# [WORK ITEM]
Using the listing below, set down exactly the lines starting at the line that contains "Pear Tree House" and ending at the line that contains "I’ve been waiting", both included, and no others.

# [INFORMATION SHOWN]
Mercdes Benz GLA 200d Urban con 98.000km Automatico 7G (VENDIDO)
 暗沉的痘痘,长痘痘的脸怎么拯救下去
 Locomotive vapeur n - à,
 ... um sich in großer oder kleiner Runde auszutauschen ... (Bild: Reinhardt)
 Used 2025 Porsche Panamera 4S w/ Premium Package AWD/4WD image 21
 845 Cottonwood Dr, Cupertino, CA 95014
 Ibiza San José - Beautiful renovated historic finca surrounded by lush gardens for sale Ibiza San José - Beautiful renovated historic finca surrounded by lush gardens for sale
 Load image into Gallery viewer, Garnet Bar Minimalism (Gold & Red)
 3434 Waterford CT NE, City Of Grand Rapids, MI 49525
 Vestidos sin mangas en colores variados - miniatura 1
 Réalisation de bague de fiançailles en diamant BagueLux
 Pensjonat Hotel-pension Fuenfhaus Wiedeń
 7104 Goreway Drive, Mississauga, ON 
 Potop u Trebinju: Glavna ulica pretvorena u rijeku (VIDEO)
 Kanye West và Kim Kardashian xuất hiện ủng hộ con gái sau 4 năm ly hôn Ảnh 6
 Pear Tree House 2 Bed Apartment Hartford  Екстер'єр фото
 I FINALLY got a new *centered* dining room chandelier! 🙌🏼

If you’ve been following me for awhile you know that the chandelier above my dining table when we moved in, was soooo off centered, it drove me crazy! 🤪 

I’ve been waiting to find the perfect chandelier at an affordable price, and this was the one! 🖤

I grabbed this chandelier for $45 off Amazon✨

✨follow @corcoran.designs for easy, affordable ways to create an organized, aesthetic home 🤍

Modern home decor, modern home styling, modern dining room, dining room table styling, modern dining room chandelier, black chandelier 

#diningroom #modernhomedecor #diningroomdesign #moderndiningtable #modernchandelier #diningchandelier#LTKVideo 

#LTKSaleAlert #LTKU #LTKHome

# [ANSWER TO THIS TASK]
 Pear Tree House 2 Bed Apartment Hartford  Екстер'єр фото
 I FINALLY got a new *centered* dining room chandelier! 🙌🏼

If you’ve been following me for awhile you know that the chandelier above my dining table when we moved in, was soooo off centered, it drove me crazy! 🤪 

I’ve been waiting to find the perfect chandelier at an affordable price, and this was the one! 🖤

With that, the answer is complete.